The benchmark KSE-100 index shed 2,002.55 points, or 1.69 per cent, to stand 116,439.62 from the last close of 118,442.17 points.
Topline Securities, a brokerage firm in Karachi, noted that the market faced downward pressure due to IMF “concerns over the lack of adjustments to electricity tariffs and no reduction in property taxes, as reported in the news”.
Earlier, it was widely reported in the media through official leaks that the prime minister would announce a Rs8 per unit reduction in electricity rates in his speech to the nation on March 23. The prime minister, however, did not announce any such relief package in his Pakistan Day speech.
The substantial reduction in electricity tariffs, promised by the government, could not get past the Fund, which is currently holding back a staff-level agreement (SLA) on the first biannual review of the $7 billion Extended Fund Facility (EFF).
“Additionally, the proposed increase in royalty for cement manufacturers in KPK contributed to the negative sentiment,” Topline Securities added.
The decline, according to the firm, was primarily driven by OGDC, ENGRO, FFC, PPL, and MARI, which exerted downward pressure — pulling the index down by 811 points.
“Overall, 311 million shares were traded, with a turnover of Rs20bn,” it added, highlighting that PAEL topped the volume chart with 28 million shares.

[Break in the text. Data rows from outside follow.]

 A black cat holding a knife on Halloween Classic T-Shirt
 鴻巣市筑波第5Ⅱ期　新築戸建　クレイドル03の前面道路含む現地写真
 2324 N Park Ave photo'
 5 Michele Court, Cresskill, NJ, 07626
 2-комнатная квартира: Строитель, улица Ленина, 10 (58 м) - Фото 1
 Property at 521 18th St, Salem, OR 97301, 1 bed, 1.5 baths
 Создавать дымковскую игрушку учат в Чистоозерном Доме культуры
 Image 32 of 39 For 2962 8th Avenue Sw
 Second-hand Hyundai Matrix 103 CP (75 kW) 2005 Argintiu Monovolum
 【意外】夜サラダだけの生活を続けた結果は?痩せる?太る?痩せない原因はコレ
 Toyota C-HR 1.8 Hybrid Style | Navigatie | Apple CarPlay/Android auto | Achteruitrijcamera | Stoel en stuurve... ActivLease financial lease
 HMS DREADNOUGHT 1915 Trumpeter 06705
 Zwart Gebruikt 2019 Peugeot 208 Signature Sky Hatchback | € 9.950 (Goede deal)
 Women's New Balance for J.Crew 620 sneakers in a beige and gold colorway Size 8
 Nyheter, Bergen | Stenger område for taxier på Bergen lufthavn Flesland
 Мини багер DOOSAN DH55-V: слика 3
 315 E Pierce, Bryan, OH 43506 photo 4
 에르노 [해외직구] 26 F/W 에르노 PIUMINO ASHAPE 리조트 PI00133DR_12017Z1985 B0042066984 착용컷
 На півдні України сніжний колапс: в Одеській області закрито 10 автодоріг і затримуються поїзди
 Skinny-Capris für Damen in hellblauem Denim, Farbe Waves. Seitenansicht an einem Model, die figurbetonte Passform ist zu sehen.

Last week, the index had continued its northward journey for the sixth week, with market sentiment supported by expectations of a SLA between Pakistan and IMF following the conclusion of the first review, which will be a road to disbursement of the second tranche of $1.1bn.
The IMF had shared a draft of the Memorandum of Economic and Financial Policies (MEFP ) with the government, signalling progress. Furthermore, the potential resolution of power circular debt fuelled the positive sentiment.
The Fund has given a nod to the government to recalibrate its tax collection target for FY25 to Rs12.35 trillion from Rs12.97tr.
Meanwhile, the Large-Scale Manufacturing contracted 1.2pc year-on-year in January.
In recent weeks, the country faced a new wave of terrorist attacks, mainly in Khyber Pakhtunkhwa and Balochistan, which is shaking foreign investors’ confidence and well reflected in the 45pc year-on-year plunge in Foreign Direct Investment (FDI) to $95 million in February.
The major economic indicators showed improvement, but the country is still not out of wood, as the LSM sector remained negative in the first seven months of FY25 despite a sharp reduction in the State Bank of Pakistan’s policy rate to 12pc from an unprecedented 22pc in June 2024.